A comprehensive tax bill that reinstates protections for distressed homeowners shielding them from having to pay taxes on mortgage debt forgiven in 2014 is headed for President Obama’s desk.

The tax break on forgiven mortgage debt, and another allowing homeowners to deduct mortgage insurance premiums, was one of 55 provisions in the Tax Increase Prevention Act passed Tuesday in a 76-16 Senate vote.

The House passed the bill 387 to 46 on Dec. 3, and Obama is expected to sign the bill into law, enabling the tax break retroactively through Dec. 31 of this year.

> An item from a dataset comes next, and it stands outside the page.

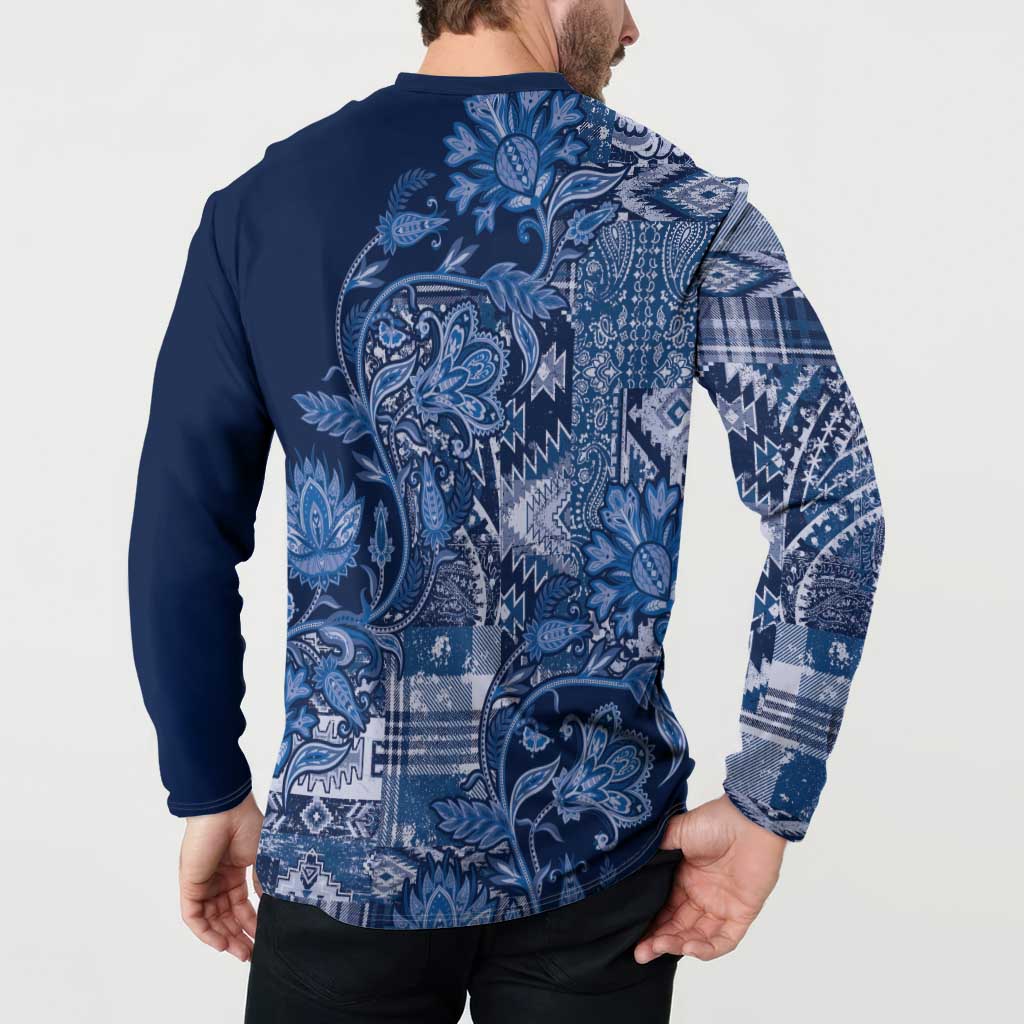 Blue button-up sweatshirt with paisley floral patchwork back and solid sleeves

The Mortgage Forgiveness Debt Relief Act of 2007 was created in the aftermath of the housing bust, with the intention of protecting homeowners who lose their home in a short sale or deed-in-lieu of foreclosure from the double whammy of a whopping tax bill.

Before the exemption was created by Congress, if a lender agreed to let a homeowner with $400,000 in mortgage debt sell their house for $300,000, the IRS would treat the remaining $100,000 of forgiven mortgage debt as income.

The House and Senate extended the tax break on forgiven mortgage debt in 2009 and 2012, but it lapsed at the end of 2013.

More than 800,000 homeowners have claimed the tax break, National Mortgage News reports, citing Rep. Charles Rangel, the New York Democrat who was a sponsor of the original bill.

In the first eight months of this year, loan servicers working for Fannie Mae and Freddie Mac signed off on just 27,800 short sales, down from 125,232 in 2012, National Mortgage News said.